Step 2: Run Against Current Config

# Start gateway with current config
kt gateway run --policy-config current-policy-config.yaml --port 41002 &
GATEWAY_PID=$!
sleep 3

# Run test prompts and capture decisions
./scripts/run-regression-prompts.sh test-prompts.json > results-before.json

kill $GATEWAY_PID

Step 3: Run Against Proposed Config

# Start gateway with proposed config
kt gateway run --policy-config proposed-policy-config.yaml --port 41002 &
GATEWAY_PID=$!
sleep 3

# Run same prompts
./scripts/run-regression-prompts.sh test-prompts.json > results-after.json

kill $GATEWAY_PID

Step 4: Compare Results

# Diff decisions
diff <(jq '[.[] | {id, decision}]' results-before.json) \
<(jq '[.[] | {id, decision}]' results-after.json)

# Count regressions
REGRESSIONS=$(diff <(jq -c '.[] | {id, decision}' results-before.json) \
<(jq -c '.[] | {id, decision}' results-after.json) | grep "^<" | wc -l)

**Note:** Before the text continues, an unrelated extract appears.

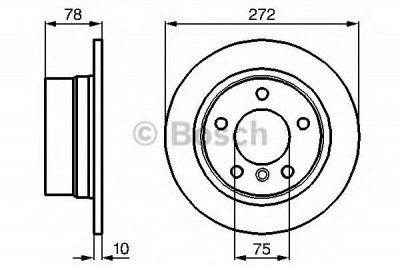 BOSCH 0986478641 - Тормозной диск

echo "Regressions detected: $REGRESSIONS"

Configuration Validation with kt policy lint

Always validate before deploying:

# Syntax and schema validation
kt policy lint --file policy-config.yaml

# Check for common issues:
# - Duplicate policy names
# - Invalid action types
# - Missing required fields
# - Regex syntax errors in DLP patterns

Integrate validation as a pre-commit hook:

#!/bin/bash
# .git/hooks/pre-commit — validate policy configs

CONFIGS=$(git diff --cached --name-only | grep "policy-config.yaml")

for config in $CONFIGS; do
echo "Validating $config..."
if ! kt policy lint --file "$config"; then
echo "ERROR: Policy config validation failed for $config"
exit 1
fi
done

Snapshot Testing Policy Outputs

Snapshot testing captures the full gateway decision for a set of prompts and stores it as a golden file. Future runs compare against this snapshot.

Creating Snapshots

#!/bin/bash
# create-policy-snapshot.sh

CONFIG="$1"
PROMPTS="test-prompts.json"
SNAPSHOT_DIR="snapshots"

mkdir -p "$SNAPSHOT_DIR"

kt gateway run --policy-config "$CONFIG" --port 41099 &
GATEWAY_PID=$!
sleep 3

RESULTS=()
jq -c '.[]' "$PROMPTS" | while read -r entry; do
ID=$(echo "$entry" | jq -r '.id')
REQUEST=$(echo "$entry" | jq -c '.request')

RESPONSE=$(curl -s -w "\n%{http_code}" http://localhost:41099/v1/chat/completions \
-H "Content-Type: application/json" \
-d "$REQUEST")

HTTP_CODE=$(echo "$RESPONSE" | tail -1)
BODY=$(echo "$RESPONSE" | head -n -1)

echo "{\"id\": \"$ID\", \"http_code\": $HTTP_CODE}" >> "$SNAPSHOT_DIR/decisions.jsonl"
done

kill $GATEWAY_PID
echo "Snapshot saved to $SNAPSHOT_DIR/decisions.jsonl"

Comparing Against Snapshots

#!/bin/bash
# compare-policy-snapshot.sh

SNAPSHOT="snapshots/decisions.jsonl"
CURRENT="current-decisions.jsonl"

# Generate current decisions (same script as above, output to CURRENT)

DIFF_COUNT=$(diff <(sort "$SNAPSHOT") <(sort "$CURRENT") | grep "^[<>]" | wc -l)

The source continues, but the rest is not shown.